Advanced Relation Labeling Receipe

Hi Folks,

Your tool is pretty nice and we are currently in the process of internal negotiations to buy a license. Before we do that, we are just evaluating possible requirements. One of these requirements is, whether it is also possible to label German texts, especially regarding the labeling of relations.

As far as I could see in the demo, you can link entities via spans directly from the text. Is there a possibility for relations, too?

Take the sentence:
Ute ist in Deutschland geboren.
We like to label the relation ist_geboren_in (without arrow spanning but with clicking on entities since they are spred accoress the sentence).

Furthermore, the question is whether you can also nest entities on-the-fly (sub-eintities). Example:

There are many "<"fruits (like "<"bananas">", "<"kiwis">" and "<"cherries">")">" to buy in the supermarket. The fruits of the entity food and the fruits are fruit.

Thank you very much for your help.

Hi!

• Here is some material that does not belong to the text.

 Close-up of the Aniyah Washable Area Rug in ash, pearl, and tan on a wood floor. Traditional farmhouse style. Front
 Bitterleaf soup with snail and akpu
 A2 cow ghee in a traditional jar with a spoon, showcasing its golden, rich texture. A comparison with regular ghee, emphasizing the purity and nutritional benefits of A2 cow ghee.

In general, Prodigy itself doesn't care about the language of the texts you use, so you can definitely label German texts. If you're working with pretrained models, their capabilities will of course vary by language, resources and library you use (spaCy or some other custom implementation).

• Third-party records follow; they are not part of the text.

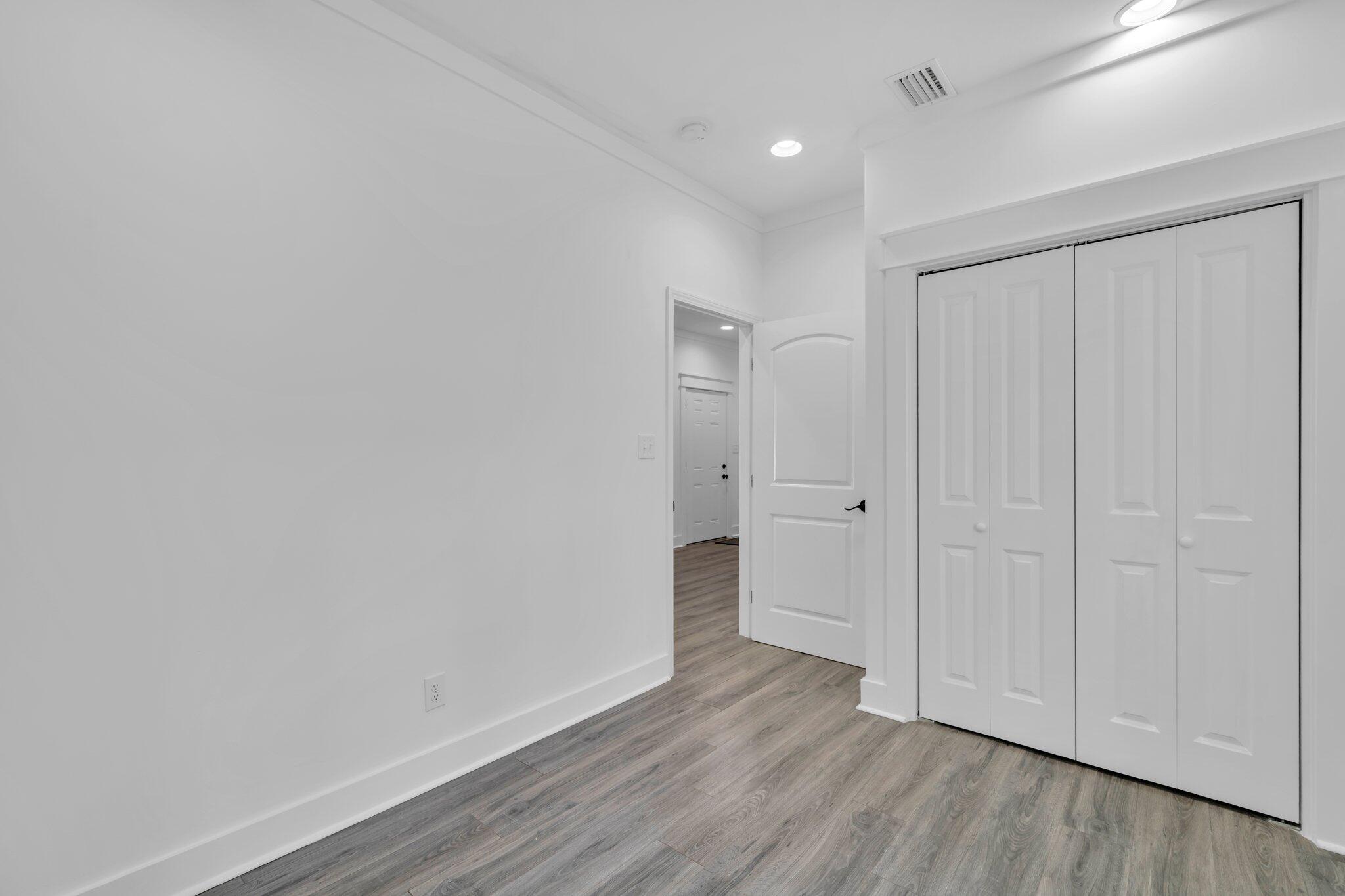 2672 Chat Holley Road Santa Rosa Beach, FL 32459 - Photo 35 of 53 a view of an empty room with wooden floor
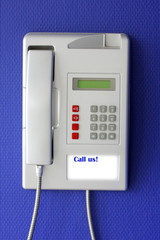Wall phone on blue background
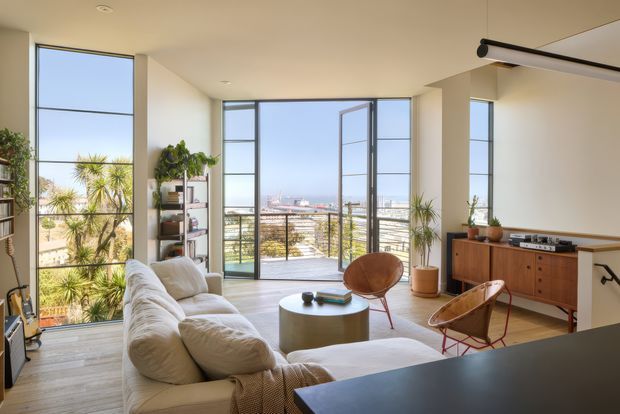 Bright contemporary living room with floor-to-ceiling steel-framed glazing and an open balcony overlooking a coastal urban landscape. The room includes a large cream sectional sofa, round coffee table, mid-century-inspired timber sideboard, leather sling chair, indoor plants, and a dark kitchen island edge in the foreground. Natural light, pale finishes, and expansive windows create an airy, relaxed atmosphere.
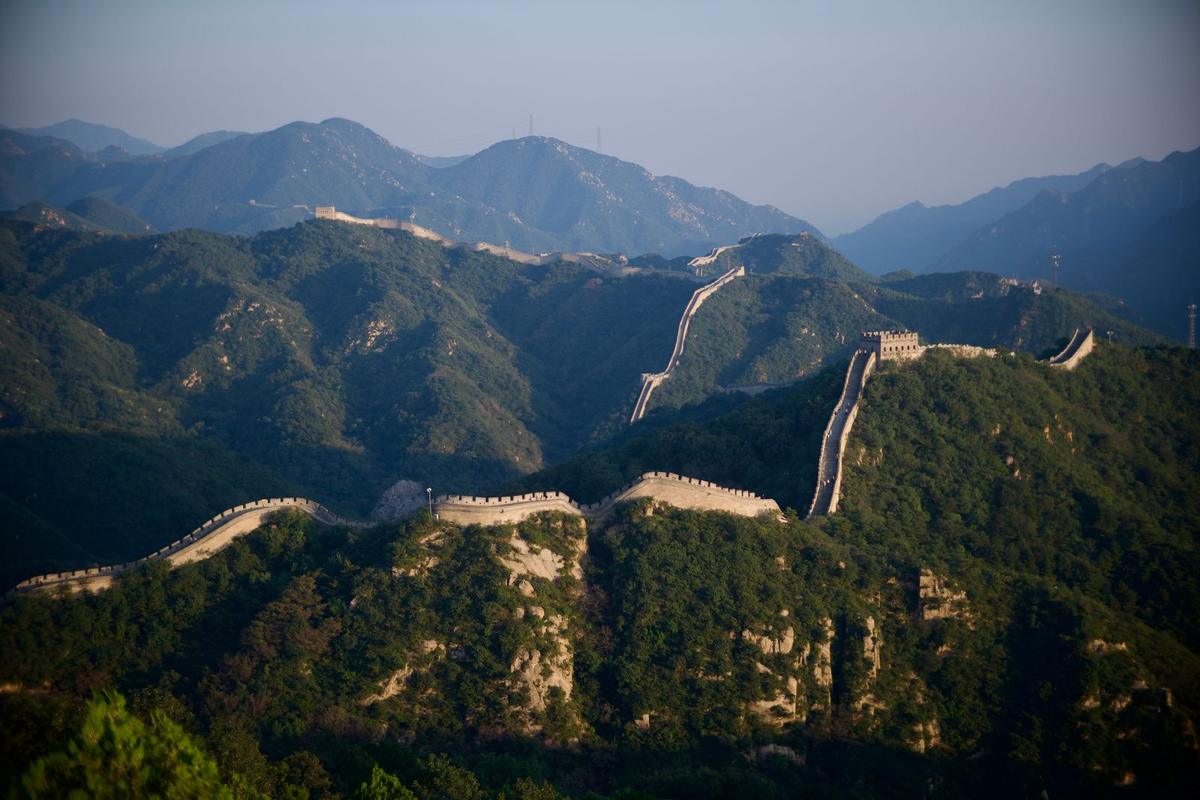 The Great Wall at Mutianyu winding across forested mountains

I'm not 100% sure I understand the exact goal and data format you're trying to extract from the first example. But one approach would be to use the root ("ist") as the anchor, have one relation type that connects "ist" + "geboren", and two relation types that attach "Ute" and "Deutschland" to the root (e.g. something along the lines of "subject" and "object").

The NER interfaces (ner_manual and span highlighting mode in the relations UI) are designed with creating data to train named entity recognition models in mind, so they produce token-based tags, which can't overlap (typically the requirement for NER). However, you can always make multiple passes over the data and start by annotating the outer layer like sentence fragments and full phrases, and then annotate the actual named entities and proper nouns in the second step.